Last night, I was really frustrated with N and sang my little song I learned from Love & Logic parenting, “Oh, too bad, so sad, Nathan has to go to his room until he is ready to listen. Oh, that is just so sad. Have a good little tantrum. We will miss you. Please return when you are ready to listen.”
He thought I was a wee bit nuts, but did go upstairs and came down when he was ready to listen.
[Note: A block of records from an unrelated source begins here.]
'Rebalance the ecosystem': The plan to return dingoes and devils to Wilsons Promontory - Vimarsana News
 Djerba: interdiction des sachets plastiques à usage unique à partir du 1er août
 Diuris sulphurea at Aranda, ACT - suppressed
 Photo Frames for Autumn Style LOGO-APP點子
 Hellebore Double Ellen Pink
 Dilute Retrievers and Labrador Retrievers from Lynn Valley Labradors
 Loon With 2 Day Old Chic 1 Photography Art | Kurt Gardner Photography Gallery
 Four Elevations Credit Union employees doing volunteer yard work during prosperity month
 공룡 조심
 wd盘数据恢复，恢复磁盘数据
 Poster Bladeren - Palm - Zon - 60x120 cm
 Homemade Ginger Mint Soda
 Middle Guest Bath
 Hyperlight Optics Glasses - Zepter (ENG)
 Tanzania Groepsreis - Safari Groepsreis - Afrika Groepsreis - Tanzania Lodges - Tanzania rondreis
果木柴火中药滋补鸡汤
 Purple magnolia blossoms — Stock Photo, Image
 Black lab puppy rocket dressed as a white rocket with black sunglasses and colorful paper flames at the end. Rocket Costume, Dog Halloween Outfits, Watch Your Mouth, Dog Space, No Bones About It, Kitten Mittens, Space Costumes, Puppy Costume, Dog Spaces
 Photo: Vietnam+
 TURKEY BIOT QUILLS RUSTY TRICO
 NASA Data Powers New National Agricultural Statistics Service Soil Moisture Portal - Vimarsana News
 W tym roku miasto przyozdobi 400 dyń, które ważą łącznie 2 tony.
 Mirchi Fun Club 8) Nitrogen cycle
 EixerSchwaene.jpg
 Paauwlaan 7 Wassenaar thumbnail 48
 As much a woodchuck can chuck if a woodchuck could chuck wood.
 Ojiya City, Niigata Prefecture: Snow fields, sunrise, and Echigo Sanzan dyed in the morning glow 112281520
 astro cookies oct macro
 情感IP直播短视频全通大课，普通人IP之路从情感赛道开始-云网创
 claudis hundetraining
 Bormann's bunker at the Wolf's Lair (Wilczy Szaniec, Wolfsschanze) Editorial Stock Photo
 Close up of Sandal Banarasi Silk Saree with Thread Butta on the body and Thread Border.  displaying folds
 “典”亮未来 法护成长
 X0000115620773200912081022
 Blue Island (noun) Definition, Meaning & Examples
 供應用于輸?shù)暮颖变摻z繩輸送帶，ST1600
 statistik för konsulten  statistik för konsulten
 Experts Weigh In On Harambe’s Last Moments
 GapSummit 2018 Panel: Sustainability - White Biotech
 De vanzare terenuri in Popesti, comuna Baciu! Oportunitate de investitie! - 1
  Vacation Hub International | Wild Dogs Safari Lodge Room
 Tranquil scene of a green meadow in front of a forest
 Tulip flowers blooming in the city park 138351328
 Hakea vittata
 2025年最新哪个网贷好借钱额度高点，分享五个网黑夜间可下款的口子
It helped. And the rest of the night, we were both good.
We all have those moment we wish we could take back and “do-over”… but the most important thing I came out of my kids’ childhoods with was this: I am not perfect, and I will not tell my kids I am… and I will admit when I’m wrong. Trust me. It goes a long way toward a better relationship with your kids when you can be honest with them. Maybe Declan is too young to understand yet, but the day will come. From what I’ve seen, you’re a great mom… keep up the good work.
I think the starts must be aligned in a strange way because The Boy is acting like a jerk as well… I hear you. Hang in there…
Don’t say you’re a bad mom. You have the toughest job there is. Moments like that will happen. I love the ending of your post and I can just see you both smashing breads! 🙂
You know, I’ve really, really been struggling with the whole “I know I love this kid, but he’s driving me freaking insane” thing. It’s tough. I guess the important thing to realize is that your little guy is becoming independent… and, unfortunately, that means he’s going to be making decisions that drive you up the wall. The good news is that you’ve gotten him this far. You’ll get it figured out.